### [Provided entries]
****************

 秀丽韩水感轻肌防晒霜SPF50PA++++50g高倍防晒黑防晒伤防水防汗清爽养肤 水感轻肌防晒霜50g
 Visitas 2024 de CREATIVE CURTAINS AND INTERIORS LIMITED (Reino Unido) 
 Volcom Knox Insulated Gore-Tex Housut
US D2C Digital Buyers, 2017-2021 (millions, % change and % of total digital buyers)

****************

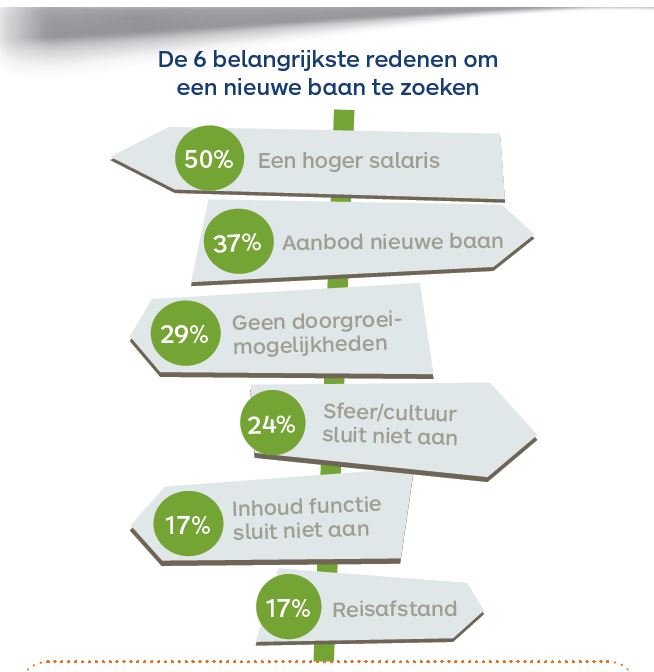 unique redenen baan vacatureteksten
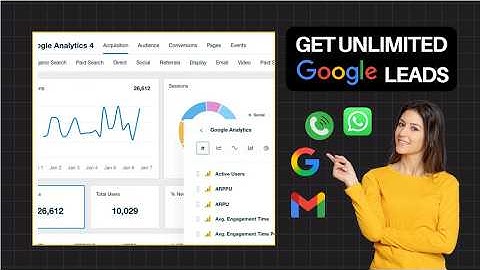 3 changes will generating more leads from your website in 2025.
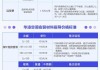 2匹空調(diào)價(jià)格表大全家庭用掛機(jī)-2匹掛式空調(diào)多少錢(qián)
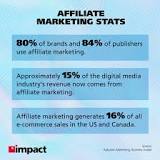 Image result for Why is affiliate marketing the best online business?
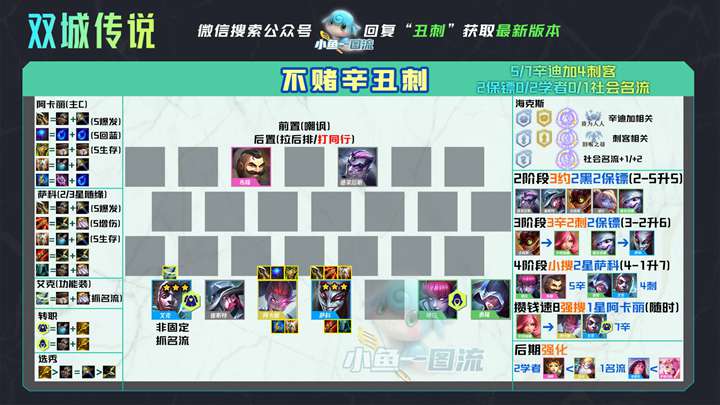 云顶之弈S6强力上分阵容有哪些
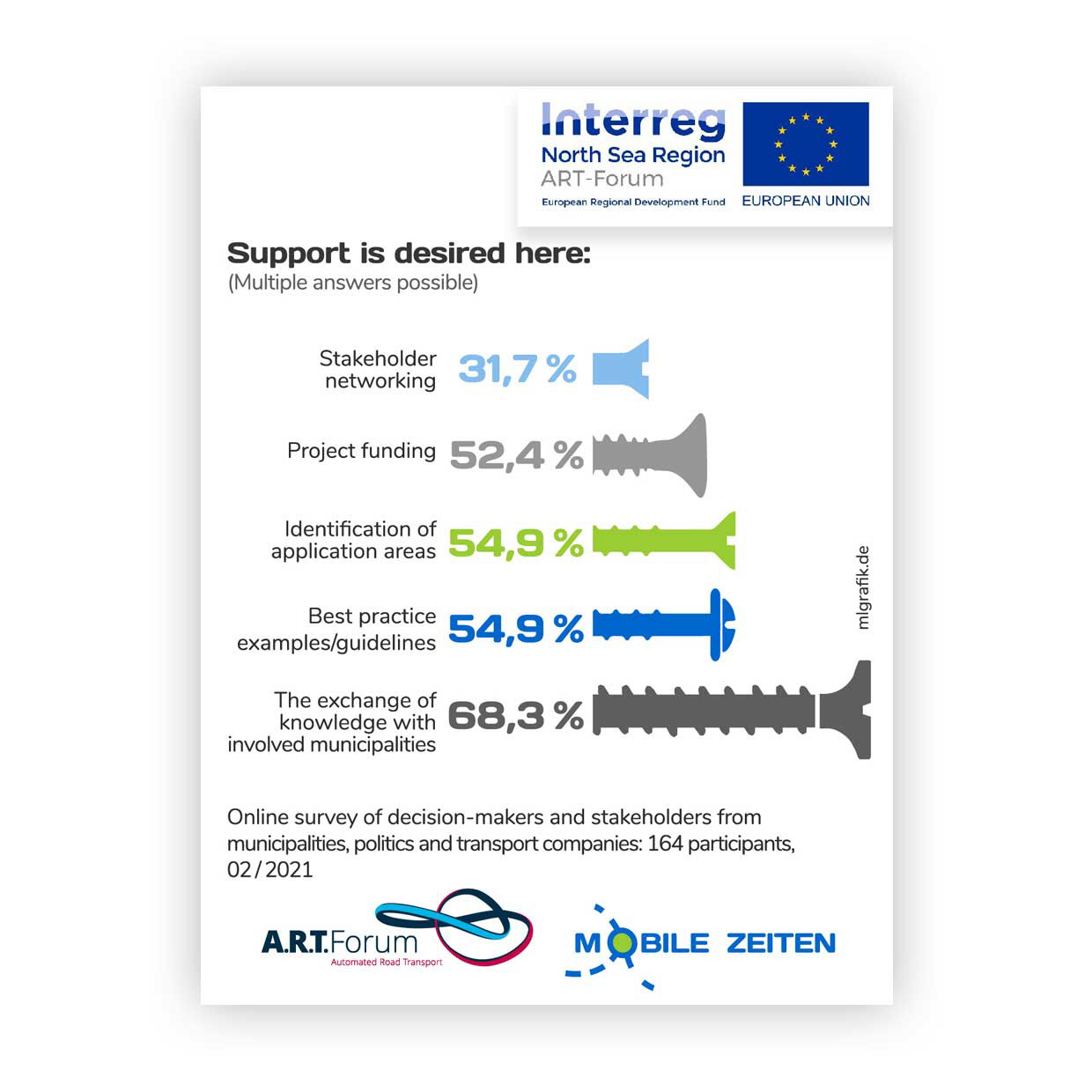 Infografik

****************

### [Try it]
Please write out, exactly as they appear above, only the lines in the stretch from the line with "Volcom Knox Insulated Gore-Tex Housut" through the line with "US D2C Digital".

### [Answer to the problem]
 Volcom Knox Insulated Gore-Tex Housut
US D2C Digital Buyers, 2017-2021 (millions, % change and % of total digital buyers)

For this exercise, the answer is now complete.